### DATA SHOWN
● ● ● ● ● ● ●

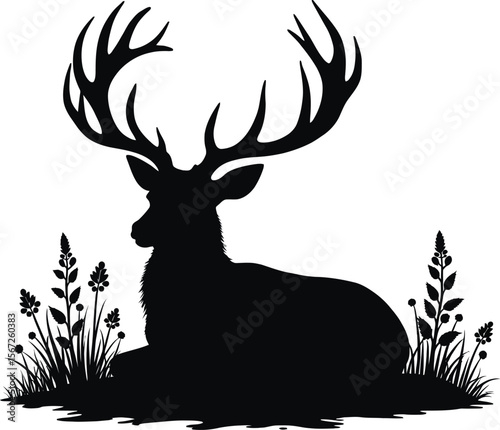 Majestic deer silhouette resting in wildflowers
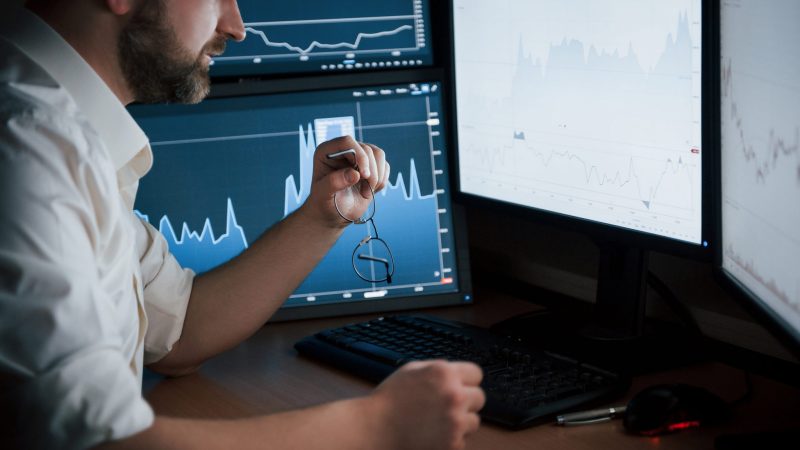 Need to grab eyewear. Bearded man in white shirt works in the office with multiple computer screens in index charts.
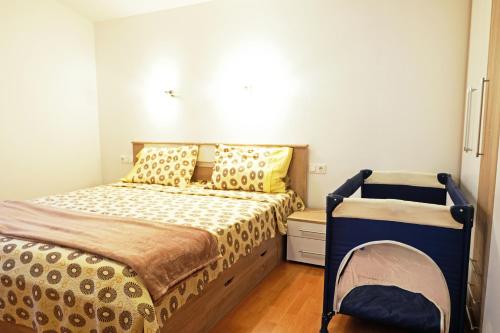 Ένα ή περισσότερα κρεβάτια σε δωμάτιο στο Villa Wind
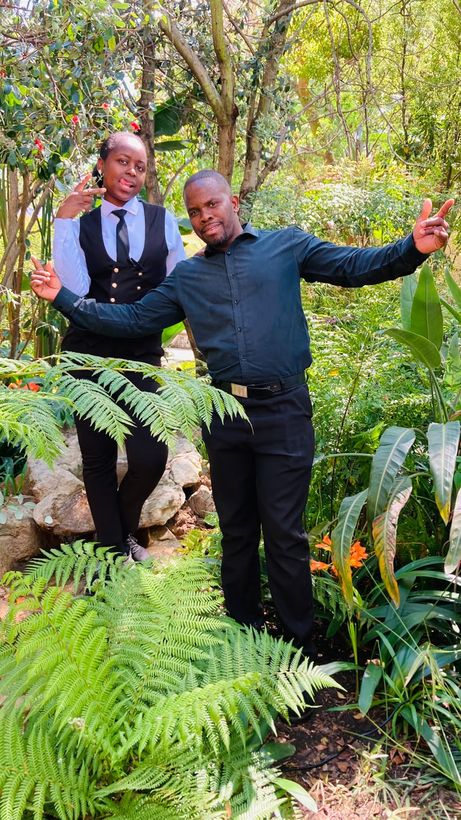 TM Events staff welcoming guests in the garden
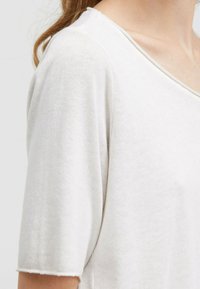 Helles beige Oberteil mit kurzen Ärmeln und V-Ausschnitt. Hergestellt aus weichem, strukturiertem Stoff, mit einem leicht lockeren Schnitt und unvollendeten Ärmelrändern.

● ● ● ● ● ● ●

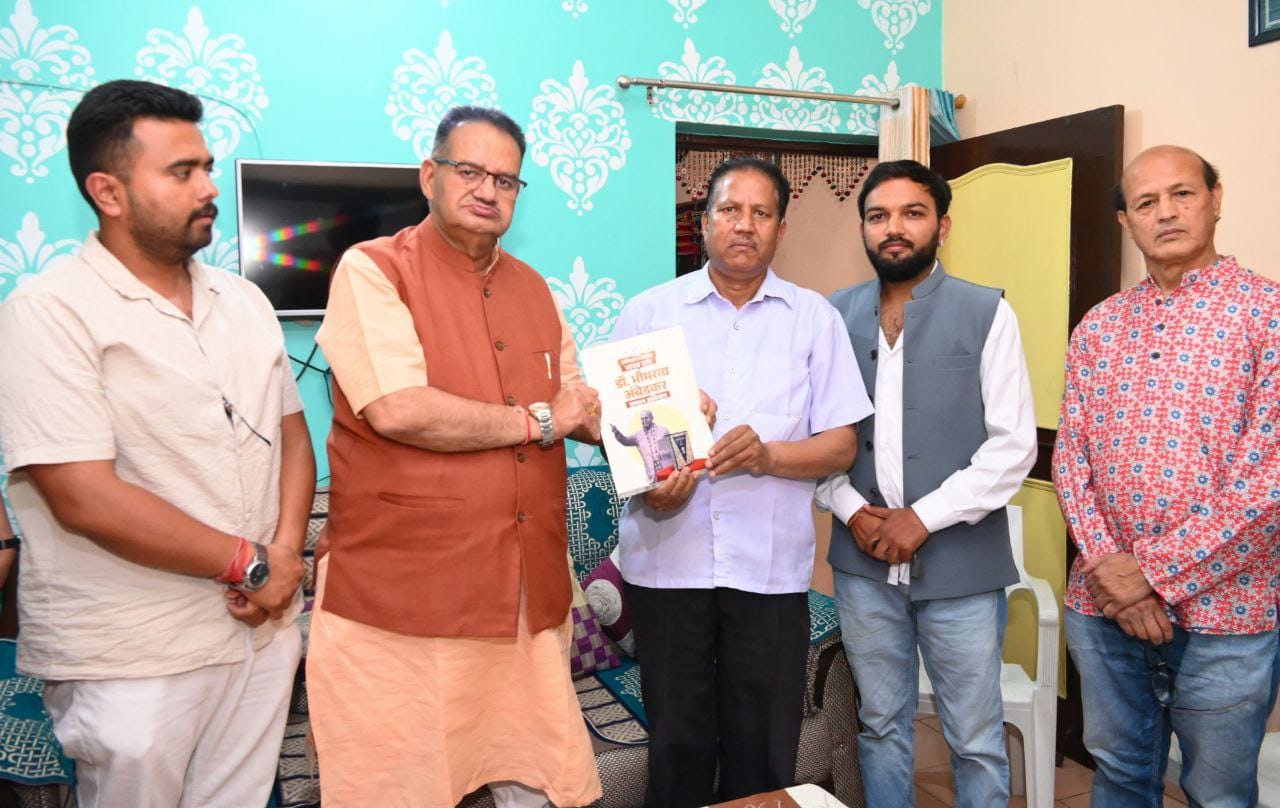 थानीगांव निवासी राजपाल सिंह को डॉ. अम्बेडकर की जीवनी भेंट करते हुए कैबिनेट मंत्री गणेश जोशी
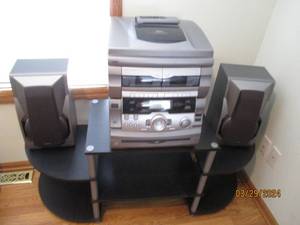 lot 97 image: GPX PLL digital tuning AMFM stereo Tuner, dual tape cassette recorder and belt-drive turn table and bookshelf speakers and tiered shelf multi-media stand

● ● ● ● ● ● ●

### EXERCISE PROMPT
Above are records; write out the lines from the one with "Need to grab" down to the one with "Helles beige Oberteil", exactly, leaving the pictures out.

### EXERCISE RESPONSE
 Need to grab eyewear. Bearded man in white shirt works in the office with multiple computer screens in index charts.
 Ένα ή περισσότερα κρεβάτια σε δωμάτιο στο Villa Wind
 TM Events staff welcoming guests in the garden
 Helles beige Oberteil mit kurzen Ärmeln und V-Ausschnitt. Hergestellt aus weichem, strukturiertem Stoff, mit einem leicht lockeren Schnitt und unvollendeten Ärmelrändern.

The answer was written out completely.